Kubernetes at its core is a controller engine.  Controllers recognize yaml defined objects such as deployments, services, and ingresses.  Kubernetes is used around a certain set of controllers related to container management but really, we can create controllers for almost anything.  We could create a controller that knows how to play Tic-Tac-Toe for example, defining a game with a current state in a yaml.  A controller recognizing the yaml could see that the state indicates a move needs to be made and could make a move and update the status of the object / yaml.  One could see how such a system could be used to coordinate many games and through the nature of kubernetes, everything would scale, in the same way kubernetes manages the state of hundreds of deployments it could manage the state of multiple instances of a game.

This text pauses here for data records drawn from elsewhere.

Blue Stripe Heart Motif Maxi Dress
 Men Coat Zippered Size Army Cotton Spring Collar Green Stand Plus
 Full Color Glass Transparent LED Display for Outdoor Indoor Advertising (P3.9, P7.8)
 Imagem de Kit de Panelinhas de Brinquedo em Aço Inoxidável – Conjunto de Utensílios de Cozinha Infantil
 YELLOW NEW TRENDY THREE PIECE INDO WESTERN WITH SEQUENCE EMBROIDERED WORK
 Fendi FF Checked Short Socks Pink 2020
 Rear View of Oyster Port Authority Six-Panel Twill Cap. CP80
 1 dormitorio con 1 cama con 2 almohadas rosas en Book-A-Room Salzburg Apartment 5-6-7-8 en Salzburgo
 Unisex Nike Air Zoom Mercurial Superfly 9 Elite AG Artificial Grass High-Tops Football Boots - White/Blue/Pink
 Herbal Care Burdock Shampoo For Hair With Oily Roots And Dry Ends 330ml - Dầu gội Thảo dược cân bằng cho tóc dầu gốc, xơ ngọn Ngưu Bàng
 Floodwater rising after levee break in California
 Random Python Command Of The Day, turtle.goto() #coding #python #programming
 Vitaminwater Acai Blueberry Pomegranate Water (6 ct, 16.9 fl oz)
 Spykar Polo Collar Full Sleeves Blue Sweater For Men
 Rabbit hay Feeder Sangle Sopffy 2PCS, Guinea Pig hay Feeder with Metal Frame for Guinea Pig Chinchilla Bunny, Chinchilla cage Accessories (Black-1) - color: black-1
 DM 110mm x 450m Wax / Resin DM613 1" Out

As an excuse to write a kubernetes controller just for fun we could implement List.  A yaml with an api could define a List to process.  The controller could then create a block, or a few blocks, for clients to process.  The original List could define how many items to process, the size of a block to use, who has permissions to work on the blocks, etc …  The idea of a “client” could also be a controller within kubernetes.  This could be implemented in a similar way like how argocd recognizes an applicationset and upon processing creates one or more applications, which it also knows how to process.  By using kubernetes we could use its database and not have to deploy our own.  Potentially, resources could get out of hand if misconfigured, so safety checks would need to be put in place, but with our merging algorithm as described before the “behind the scenes kubernetes database” use should and cpu use should minimal on the list management side.

Such a controller would get all the benefits of using kubernetes, we could take advantage of built in error checking and status of the type we see with pods and scaling.  Such an implementation would lead to some fun investigations, how exactly does kubernetes manage all the pods it manages, is it checking them one at a time or all at one, a few at a time.  Whatever algorithm kubernetes uses to manage pods would be the same algorithm used to manage the list blocks.  Probably there are some built in limits to keep things sane, and perhaps we could take advantage of those.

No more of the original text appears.